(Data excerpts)
-----
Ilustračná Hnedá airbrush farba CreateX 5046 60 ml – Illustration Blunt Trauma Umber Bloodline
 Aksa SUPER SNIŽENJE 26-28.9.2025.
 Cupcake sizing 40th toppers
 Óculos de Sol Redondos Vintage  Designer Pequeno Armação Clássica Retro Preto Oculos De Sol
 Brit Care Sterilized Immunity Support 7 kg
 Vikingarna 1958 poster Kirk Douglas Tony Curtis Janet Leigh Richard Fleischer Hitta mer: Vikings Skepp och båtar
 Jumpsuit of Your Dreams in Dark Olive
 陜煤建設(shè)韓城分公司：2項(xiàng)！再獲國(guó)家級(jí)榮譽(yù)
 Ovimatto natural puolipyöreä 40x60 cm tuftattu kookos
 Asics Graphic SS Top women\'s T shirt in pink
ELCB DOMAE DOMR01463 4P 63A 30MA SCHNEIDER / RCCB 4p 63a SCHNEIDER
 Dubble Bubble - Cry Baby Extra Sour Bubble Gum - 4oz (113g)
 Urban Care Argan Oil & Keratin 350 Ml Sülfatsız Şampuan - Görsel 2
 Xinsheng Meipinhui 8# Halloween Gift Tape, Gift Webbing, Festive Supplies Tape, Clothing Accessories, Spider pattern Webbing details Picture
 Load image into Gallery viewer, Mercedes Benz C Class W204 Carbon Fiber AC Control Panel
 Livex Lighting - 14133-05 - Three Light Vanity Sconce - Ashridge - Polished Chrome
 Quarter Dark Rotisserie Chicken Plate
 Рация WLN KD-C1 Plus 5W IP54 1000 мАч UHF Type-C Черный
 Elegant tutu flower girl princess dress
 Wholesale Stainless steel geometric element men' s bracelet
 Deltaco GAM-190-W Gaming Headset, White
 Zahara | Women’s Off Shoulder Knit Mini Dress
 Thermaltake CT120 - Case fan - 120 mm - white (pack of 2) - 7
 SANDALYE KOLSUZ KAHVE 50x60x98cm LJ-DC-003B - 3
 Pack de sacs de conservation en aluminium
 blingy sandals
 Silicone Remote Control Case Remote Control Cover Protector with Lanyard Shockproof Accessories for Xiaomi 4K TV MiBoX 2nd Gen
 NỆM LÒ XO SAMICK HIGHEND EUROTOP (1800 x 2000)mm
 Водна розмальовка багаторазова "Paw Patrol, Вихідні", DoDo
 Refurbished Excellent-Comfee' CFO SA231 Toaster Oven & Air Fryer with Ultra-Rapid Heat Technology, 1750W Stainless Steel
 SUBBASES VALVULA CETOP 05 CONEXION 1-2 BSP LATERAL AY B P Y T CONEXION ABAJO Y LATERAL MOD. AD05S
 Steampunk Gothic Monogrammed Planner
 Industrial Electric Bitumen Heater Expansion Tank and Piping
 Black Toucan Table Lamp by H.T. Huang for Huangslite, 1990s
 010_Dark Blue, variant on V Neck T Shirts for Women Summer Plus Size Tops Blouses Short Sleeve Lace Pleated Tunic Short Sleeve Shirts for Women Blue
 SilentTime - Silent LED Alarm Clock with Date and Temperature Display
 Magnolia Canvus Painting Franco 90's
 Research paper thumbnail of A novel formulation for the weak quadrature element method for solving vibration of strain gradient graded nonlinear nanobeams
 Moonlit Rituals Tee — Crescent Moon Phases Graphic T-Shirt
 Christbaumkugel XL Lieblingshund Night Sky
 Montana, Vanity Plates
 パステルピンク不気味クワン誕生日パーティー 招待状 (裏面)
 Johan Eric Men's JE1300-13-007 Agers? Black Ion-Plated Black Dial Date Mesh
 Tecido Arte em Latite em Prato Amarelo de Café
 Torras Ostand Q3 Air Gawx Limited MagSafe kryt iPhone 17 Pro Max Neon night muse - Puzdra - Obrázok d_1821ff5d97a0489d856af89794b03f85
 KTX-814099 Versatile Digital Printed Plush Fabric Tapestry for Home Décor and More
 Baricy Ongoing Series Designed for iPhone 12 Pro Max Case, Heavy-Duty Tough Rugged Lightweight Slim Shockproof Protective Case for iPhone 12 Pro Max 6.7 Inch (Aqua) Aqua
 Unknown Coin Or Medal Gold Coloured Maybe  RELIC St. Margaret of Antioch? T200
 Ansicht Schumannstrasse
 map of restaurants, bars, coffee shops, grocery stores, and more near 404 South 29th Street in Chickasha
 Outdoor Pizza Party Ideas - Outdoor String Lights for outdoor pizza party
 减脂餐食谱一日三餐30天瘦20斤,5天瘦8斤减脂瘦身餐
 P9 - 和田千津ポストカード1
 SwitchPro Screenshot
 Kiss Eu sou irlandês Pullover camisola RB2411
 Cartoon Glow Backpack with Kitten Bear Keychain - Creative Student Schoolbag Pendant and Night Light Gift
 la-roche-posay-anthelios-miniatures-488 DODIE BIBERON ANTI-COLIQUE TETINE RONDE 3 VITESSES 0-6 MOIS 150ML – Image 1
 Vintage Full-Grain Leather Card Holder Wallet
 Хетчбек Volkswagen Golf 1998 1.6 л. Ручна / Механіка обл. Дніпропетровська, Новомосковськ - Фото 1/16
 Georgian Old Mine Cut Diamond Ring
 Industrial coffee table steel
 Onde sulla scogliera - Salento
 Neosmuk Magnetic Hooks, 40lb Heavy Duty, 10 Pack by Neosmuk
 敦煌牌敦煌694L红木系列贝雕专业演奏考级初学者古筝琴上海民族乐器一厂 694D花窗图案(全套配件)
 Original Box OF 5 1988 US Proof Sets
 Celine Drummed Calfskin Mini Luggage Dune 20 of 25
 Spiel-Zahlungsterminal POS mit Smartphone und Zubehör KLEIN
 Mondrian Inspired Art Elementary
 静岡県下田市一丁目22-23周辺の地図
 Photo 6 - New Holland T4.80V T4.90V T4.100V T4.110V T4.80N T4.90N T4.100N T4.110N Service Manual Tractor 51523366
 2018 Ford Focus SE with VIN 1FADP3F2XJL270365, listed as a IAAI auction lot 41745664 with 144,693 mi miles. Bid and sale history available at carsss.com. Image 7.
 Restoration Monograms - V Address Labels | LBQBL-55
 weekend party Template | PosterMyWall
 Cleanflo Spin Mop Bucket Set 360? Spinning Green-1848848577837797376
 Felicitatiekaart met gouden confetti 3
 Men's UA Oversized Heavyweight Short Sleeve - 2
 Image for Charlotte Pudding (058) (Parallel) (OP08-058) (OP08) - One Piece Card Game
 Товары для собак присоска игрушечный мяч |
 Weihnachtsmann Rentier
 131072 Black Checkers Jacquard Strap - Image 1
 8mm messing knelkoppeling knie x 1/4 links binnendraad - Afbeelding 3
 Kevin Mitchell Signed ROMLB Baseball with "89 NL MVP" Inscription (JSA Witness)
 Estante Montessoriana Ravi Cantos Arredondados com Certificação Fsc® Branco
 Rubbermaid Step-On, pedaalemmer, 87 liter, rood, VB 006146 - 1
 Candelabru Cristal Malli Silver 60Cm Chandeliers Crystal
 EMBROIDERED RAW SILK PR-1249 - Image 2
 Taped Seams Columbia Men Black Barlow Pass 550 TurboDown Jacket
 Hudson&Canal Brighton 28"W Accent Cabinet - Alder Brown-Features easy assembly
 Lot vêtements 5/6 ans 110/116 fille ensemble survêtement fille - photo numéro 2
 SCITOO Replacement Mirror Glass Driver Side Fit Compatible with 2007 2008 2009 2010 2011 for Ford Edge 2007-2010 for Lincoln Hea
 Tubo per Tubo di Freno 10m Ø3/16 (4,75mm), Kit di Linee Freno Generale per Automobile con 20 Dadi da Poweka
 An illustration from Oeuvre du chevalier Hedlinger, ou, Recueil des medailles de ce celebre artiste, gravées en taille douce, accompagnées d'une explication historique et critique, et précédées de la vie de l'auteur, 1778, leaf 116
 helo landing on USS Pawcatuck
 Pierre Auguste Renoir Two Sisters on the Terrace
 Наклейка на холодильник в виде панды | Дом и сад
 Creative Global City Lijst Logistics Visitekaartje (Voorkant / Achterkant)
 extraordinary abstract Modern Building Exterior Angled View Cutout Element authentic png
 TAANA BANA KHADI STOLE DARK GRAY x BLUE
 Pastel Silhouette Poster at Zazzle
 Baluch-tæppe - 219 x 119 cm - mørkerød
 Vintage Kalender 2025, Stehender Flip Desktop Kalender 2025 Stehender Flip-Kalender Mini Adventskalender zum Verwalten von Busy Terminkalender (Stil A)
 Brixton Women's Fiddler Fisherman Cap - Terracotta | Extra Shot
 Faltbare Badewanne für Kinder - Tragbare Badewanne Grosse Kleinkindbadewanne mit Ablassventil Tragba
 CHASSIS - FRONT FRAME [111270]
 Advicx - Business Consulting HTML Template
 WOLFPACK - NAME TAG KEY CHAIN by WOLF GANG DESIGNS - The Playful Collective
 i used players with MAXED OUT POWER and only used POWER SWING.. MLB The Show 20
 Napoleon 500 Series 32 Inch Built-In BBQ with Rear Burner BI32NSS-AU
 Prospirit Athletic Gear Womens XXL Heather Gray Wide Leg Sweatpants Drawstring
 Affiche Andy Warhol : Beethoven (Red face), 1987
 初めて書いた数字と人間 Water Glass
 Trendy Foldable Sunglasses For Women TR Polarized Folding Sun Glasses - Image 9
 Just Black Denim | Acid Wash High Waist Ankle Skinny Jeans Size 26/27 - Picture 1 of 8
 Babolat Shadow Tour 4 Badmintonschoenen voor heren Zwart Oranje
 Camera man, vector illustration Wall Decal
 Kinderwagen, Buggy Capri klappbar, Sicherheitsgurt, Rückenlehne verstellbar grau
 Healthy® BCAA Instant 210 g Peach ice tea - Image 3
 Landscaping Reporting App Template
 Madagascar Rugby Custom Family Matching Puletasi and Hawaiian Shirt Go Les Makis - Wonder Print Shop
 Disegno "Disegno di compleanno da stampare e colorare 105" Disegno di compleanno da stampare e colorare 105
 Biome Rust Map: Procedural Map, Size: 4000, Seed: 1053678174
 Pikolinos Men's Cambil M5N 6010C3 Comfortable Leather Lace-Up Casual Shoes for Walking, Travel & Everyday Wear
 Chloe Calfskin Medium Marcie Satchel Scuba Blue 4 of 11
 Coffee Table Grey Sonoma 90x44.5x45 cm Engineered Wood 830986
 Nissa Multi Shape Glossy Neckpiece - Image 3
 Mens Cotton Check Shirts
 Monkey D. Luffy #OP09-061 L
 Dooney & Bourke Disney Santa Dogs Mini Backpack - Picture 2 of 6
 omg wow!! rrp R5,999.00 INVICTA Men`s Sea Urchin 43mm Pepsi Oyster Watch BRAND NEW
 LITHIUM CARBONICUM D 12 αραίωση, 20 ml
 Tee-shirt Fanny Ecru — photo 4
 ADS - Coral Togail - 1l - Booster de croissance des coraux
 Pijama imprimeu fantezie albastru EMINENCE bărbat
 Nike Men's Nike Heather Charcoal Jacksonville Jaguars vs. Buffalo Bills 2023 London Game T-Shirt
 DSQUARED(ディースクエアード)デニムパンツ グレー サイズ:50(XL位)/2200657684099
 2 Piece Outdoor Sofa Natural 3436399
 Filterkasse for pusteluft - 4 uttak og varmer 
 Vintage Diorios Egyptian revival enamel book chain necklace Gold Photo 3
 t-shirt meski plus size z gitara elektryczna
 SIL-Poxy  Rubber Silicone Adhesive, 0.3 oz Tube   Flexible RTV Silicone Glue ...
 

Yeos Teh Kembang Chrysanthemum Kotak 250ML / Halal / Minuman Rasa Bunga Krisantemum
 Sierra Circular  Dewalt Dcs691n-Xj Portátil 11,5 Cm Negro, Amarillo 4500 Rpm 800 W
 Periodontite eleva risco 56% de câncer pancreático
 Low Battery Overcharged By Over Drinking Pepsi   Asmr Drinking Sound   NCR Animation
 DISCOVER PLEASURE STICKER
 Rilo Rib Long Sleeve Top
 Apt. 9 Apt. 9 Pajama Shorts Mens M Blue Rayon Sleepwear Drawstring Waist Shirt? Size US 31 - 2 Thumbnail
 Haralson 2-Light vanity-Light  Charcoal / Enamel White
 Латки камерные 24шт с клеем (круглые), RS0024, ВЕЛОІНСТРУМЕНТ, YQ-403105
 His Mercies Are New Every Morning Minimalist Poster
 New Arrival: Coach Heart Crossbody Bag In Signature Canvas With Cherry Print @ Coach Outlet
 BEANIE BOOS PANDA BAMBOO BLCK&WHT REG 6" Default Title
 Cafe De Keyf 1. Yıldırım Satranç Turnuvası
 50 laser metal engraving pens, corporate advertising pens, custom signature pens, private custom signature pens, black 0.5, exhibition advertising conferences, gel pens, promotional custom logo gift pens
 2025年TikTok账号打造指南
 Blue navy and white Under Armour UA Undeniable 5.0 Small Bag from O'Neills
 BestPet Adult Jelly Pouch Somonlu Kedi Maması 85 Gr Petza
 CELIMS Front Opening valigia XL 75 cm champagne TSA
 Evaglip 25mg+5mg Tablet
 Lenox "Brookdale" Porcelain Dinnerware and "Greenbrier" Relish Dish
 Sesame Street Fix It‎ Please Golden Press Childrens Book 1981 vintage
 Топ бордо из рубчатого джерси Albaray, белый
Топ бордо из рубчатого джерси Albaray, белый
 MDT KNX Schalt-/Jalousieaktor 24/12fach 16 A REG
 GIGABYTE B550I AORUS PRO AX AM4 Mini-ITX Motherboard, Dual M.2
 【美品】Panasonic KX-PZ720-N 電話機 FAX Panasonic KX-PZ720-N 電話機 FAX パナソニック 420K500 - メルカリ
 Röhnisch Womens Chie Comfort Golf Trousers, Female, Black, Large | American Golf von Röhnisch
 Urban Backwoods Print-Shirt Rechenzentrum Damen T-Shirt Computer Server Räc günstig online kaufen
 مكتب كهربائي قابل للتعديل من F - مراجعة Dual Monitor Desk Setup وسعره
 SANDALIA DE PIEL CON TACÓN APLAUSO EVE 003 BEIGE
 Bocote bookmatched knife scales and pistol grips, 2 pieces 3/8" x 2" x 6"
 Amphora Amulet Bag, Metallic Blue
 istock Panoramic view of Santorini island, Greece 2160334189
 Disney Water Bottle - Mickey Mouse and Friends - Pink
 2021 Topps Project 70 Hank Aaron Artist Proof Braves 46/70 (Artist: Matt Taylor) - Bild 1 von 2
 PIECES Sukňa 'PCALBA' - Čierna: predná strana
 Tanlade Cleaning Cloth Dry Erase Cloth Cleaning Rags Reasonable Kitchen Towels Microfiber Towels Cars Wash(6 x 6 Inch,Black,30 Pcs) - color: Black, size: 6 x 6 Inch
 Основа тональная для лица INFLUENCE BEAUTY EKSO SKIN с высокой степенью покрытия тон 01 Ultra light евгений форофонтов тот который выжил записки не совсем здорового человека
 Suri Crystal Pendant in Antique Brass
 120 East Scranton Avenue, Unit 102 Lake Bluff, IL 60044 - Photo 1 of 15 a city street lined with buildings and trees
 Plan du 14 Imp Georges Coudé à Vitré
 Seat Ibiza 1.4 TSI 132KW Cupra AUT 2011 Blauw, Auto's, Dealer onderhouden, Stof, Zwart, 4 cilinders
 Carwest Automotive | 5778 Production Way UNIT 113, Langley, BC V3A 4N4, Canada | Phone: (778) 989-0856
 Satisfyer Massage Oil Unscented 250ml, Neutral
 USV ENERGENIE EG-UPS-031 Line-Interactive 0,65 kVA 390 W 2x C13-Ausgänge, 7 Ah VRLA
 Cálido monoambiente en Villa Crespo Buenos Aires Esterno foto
-----
◆ PROBLEM DESCRIPTION ◆
Above are the records; copy exactly the lines from the line with "Elegant tutu flower girl princess dress" through the line with "SANDALYE KOLSUZ KAHVE", both included.

◆ TASK SOLUTION ◆
 Elegant tutu flower girl princess dress
 Wholesale Stainless steel geometric element men' s bracelet
 Deltaco GAM-190-W Gaming Headset, White
 Zahara | Women’s Off Shoulder Knit Mini Dress
 Thermaltake CT120 - Case fan - 120 mm - white (pack of 2) - 7
 SANDALYE KOLSUZ KAHVE 50x60x98cm LJ-DC-003B - 3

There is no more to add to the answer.